A novel integration is proposed and analyzed of a thermochemical water decomposition cycle with a supercritical water-cooled nuclear reactor, a combined cycle, and a hydrogen compression system. The supercritical water-cooled reactor in the integrated system has been investigated extensively in Canada. The integrated system uses a compression system to compress the product hydrogen. The hydrogen is produced via a hybrid thermochemical and electrical water decomposition cycle that utilizes the chemical couple of copper and chlorine. The integrated system is modeled and simulated on Aspen Plus, except for the steam circuit, which is simulated on Aspen Hysys. The hydrogen production rate from the proposed system is 3.56kg/s.
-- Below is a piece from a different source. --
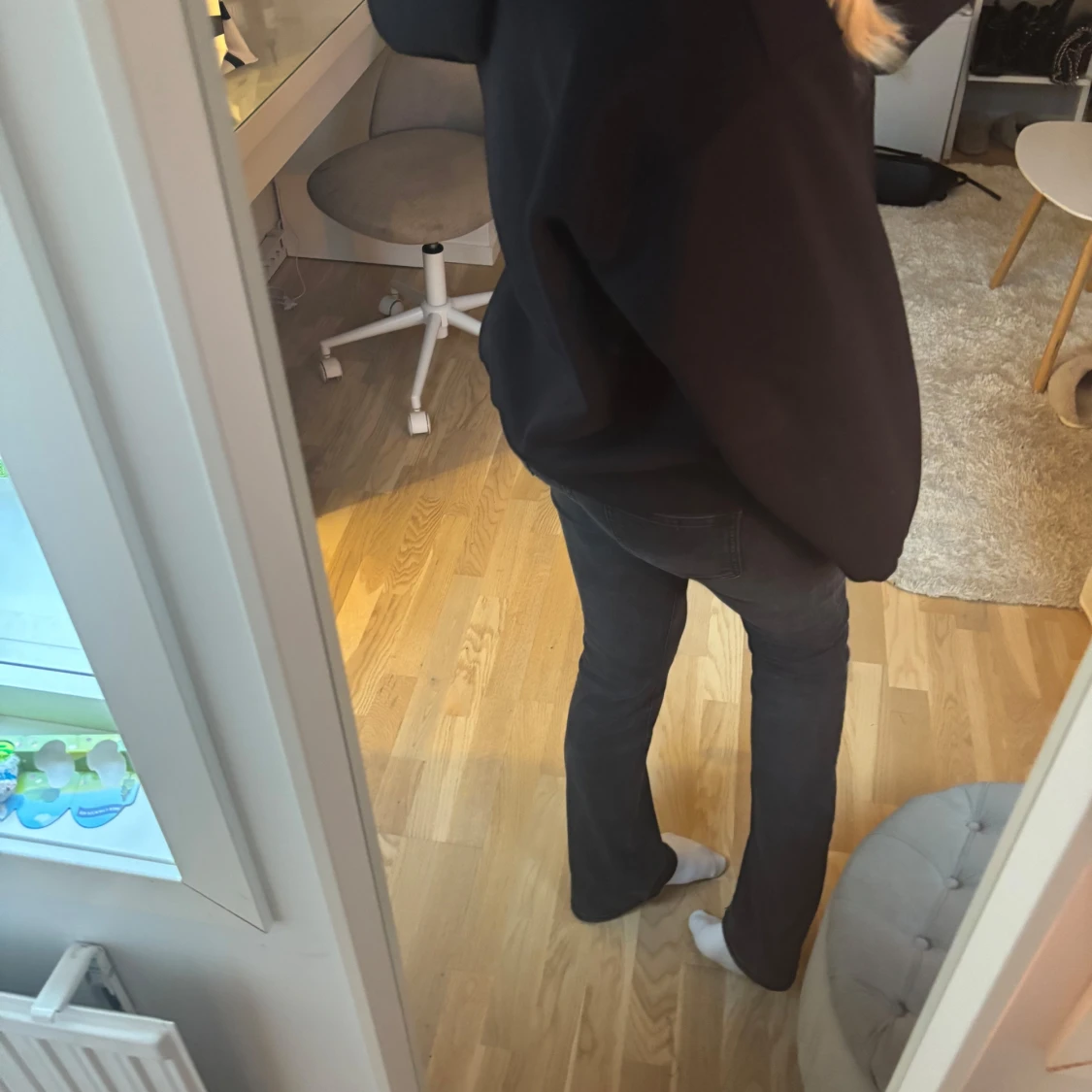 Svarta lågmidjade bootcut jeans med slitning - 1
Both energy and exergy analyses are performed of the integrated system, and its overall energy and exergy efficiencies are, in this regard, found to be 16.9% and 27.8%, respectively.

Suggested Citation

  • Al-Zareer, Maan & Dincer, Ibrahim & Rosen, Marc A., 2017. "Performance analysis of a supercritical water-cooled nuclear reactor integrated with a combined cycle, a Cu-Cl thermochemical cycle and a hydrogen compression system," Applied Energy, Elsevier, vol. 195(C), pages 646-658.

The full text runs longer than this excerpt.